Collected data entries
((

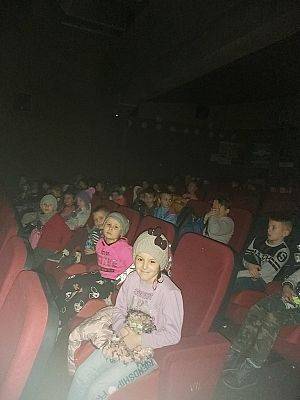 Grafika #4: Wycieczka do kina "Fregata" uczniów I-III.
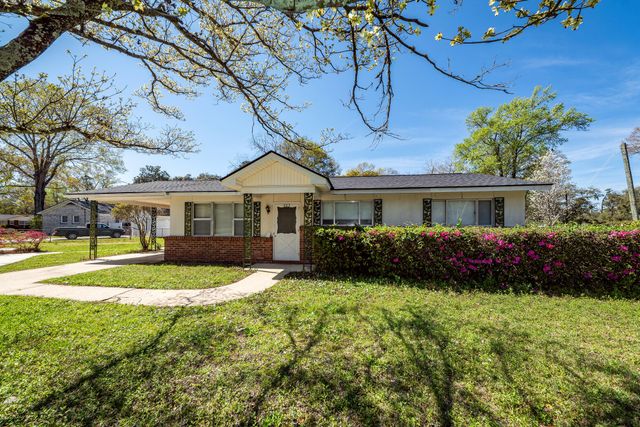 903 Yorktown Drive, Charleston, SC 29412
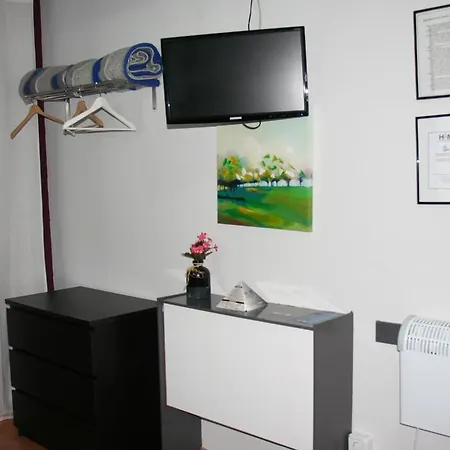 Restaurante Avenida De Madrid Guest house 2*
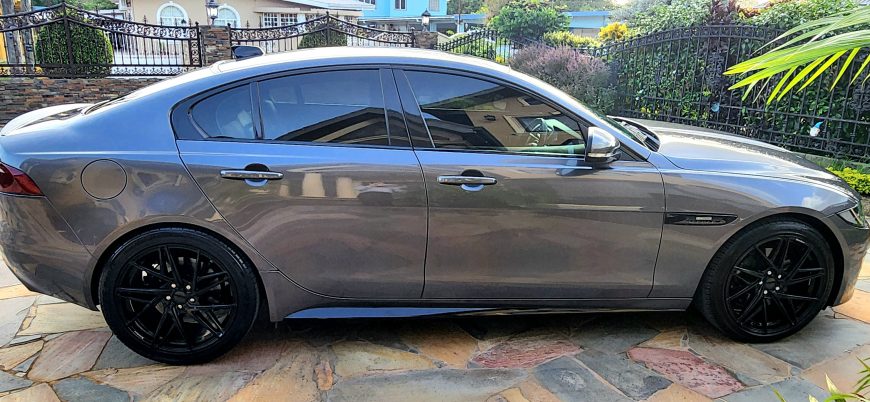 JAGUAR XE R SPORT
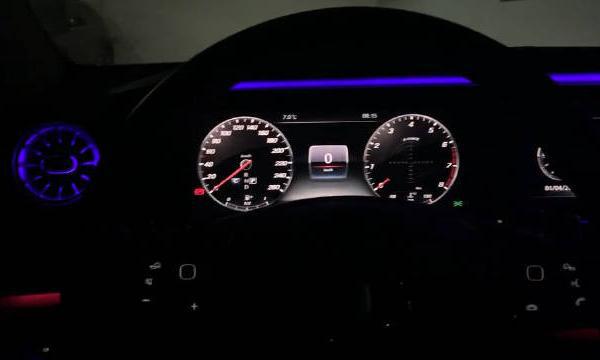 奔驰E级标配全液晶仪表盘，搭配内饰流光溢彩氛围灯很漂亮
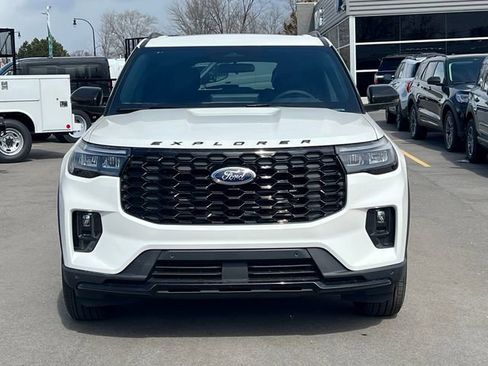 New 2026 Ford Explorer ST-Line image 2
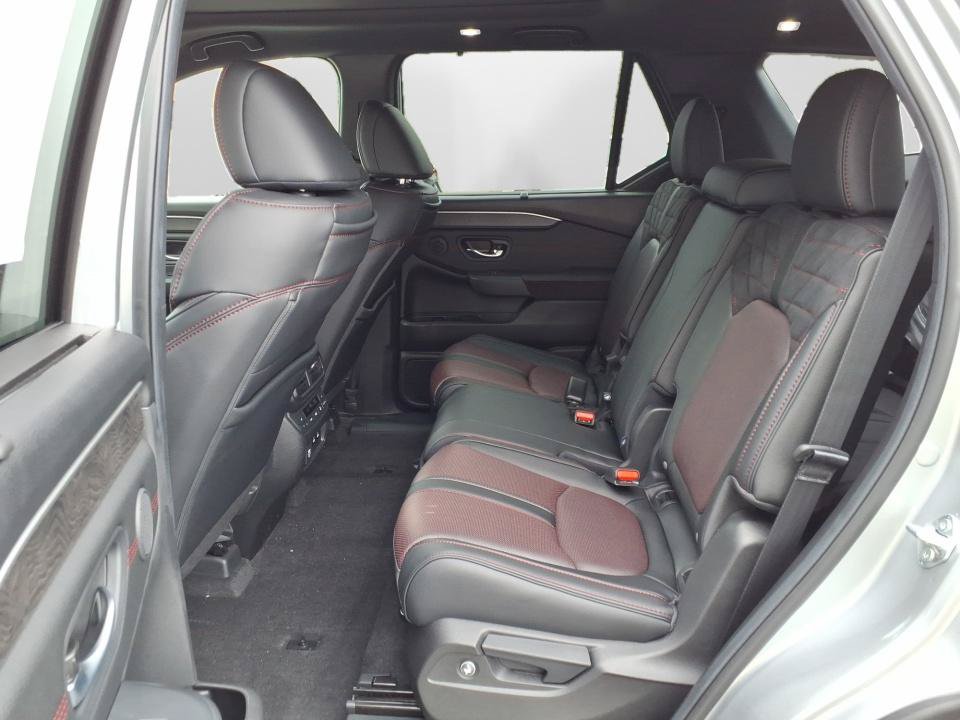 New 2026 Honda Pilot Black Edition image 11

))

PROBLEM STATEMENT: Repeat all of the data above word for word, minus the pictures.

ANSWER TO THE PROBLEM:
 Grafika #4: Wycieczka do kina "Fregata" uczniów I-III.
 903 Yorktown Drive, Charleston, SC 29412
 Restaurante Avenida De Madrid Guest house 2*
 JAGUAR XE R SPORT
 奔驰E级标配全液晶仪表盘，搭配内饰流光溢彩氛围灯很漂亮
 New 2026 Ford Explorer ST-Line image 2
 New 2026 Honda Pilot Black Edition image 11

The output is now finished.